「喝采(1929)」のストーリー

ニューヨークの場末をうって廻る喜劇団の主脳女優キティー・ダーリングは良人に先立たれ1人娘のエプリルを相手に暮らす寡婦であった。彼女自身はこうした舞台生活が好きで何時か1度はブロードウェイの檜舞台を踏んでみたいという野心もあったが娘にはそんな卑しい商売はさせたくない気持ちから5才になった娘を修道院へ入れてしまった。キティーにはそれ以来たった1人の寂しい日がつづくことになったが同じ一座に勤める三枚目役者のヒッチは何時からともなくキティーの話し相手となっていた。月日は流れてエプリルは17才の乙女となった。元来色魔的傾向を帯びているヒッチはキティーにそんな年頃の娘があることを知ると言葉巧みにキティーに説いてエプリルを呼び迎えさせたのであった。そしてキティーは娘のすすめるままにヒッチと結婚した。
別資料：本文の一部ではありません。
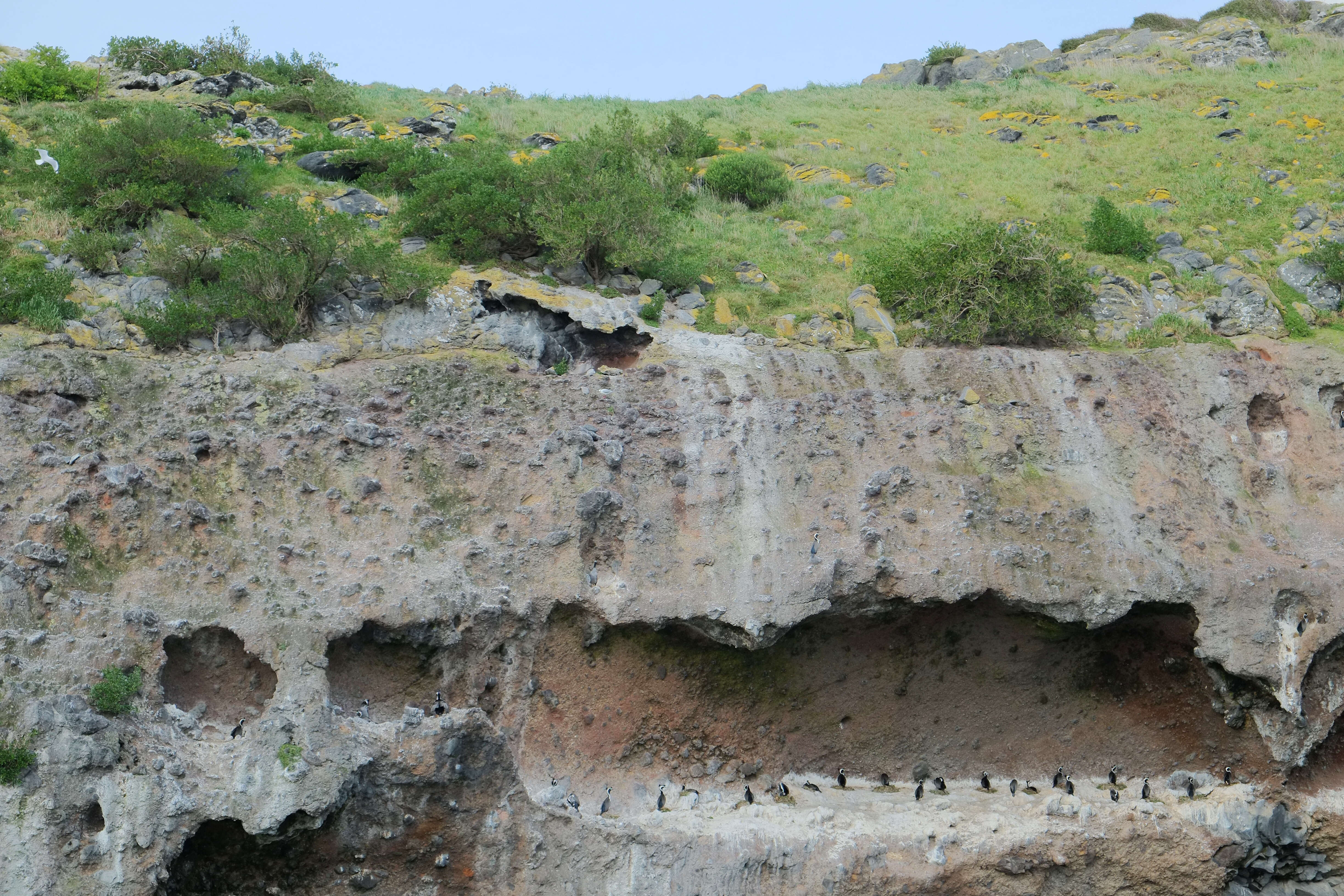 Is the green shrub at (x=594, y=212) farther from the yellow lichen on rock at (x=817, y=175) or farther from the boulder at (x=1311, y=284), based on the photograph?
the boulder at (x=1311, y=284)

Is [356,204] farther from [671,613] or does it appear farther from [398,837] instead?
[398,837]

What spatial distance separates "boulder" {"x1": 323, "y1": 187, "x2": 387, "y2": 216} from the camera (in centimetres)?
2127

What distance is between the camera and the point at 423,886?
487 inches

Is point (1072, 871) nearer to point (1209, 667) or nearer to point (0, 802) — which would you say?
point (1209, 667)

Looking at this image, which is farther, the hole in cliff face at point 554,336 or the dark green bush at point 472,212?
the dark green bush at point 472,212

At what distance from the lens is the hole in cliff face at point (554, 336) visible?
1736cm

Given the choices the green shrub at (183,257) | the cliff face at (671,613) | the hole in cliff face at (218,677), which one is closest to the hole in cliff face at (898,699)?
the cliff face at (671,613)

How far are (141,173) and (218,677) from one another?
1169 centimetres

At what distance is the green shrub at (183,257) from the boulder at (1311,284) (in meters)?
19.7

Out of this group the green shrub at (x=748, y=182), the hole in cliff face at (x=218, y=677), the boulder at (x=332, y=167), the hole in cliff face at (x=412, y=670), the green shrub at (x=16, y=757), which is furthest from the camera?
the green shrub at (x=748, y=182)

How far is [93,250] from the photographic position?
57.4 ft

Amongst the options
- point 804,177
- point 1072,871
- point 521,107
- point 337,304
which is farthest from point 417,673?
point 521,107

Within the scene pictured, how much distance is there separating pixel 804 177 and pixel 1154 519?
1447 centimetres

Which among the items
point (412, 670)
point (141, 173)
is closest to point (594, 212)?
point (141, 173) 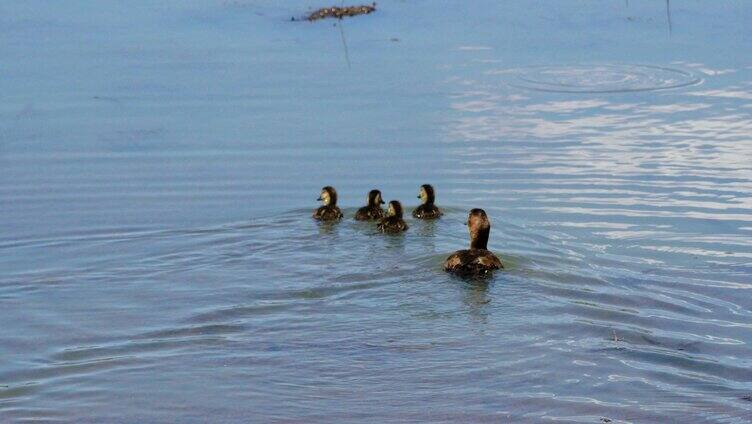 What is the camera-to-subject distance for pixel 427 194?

だが母親の結婚生活には偽りがあり、ヒッチが母親の不在に乗じて屡々言い寄るのでエプリルはヒッチを強く斥けると共に今更の如く母親のために嘆いた。或る時エプリルがブロードウェイを歩いていると見知らぬ男が彼女に戯れかかった。船乗りのトニーという若者が彼女を助けた。これが縁となって2人は恋仲になった。だがエプリルは母親キティーがヒッチから芸人として既に過去の存在であると罵られていることを聞くやトニーへの固い約束も忘れていままで嫌っていた舞台に出る決心をしコーラスの1人となった。しかるにトニーと娘とが婚約をしたものと信じたキティーは最早此の世に自分の體が用のないものとして毒薬を仰いでしまった。キティーが劇場に辿りついた時彼女は薬のために麻酔していた。支配人は彼女を酔っているのだと思ってエプリルに代役をさせた。エプリルが生涯に1度の演技によって観客から大喝采を浴びて楽屋に戻って来た時、母親キティーはもはや冷い屍と化していた。嘆きの涙に暮れるエプリルを温い腕に迎えたのは恋人のトニーであった。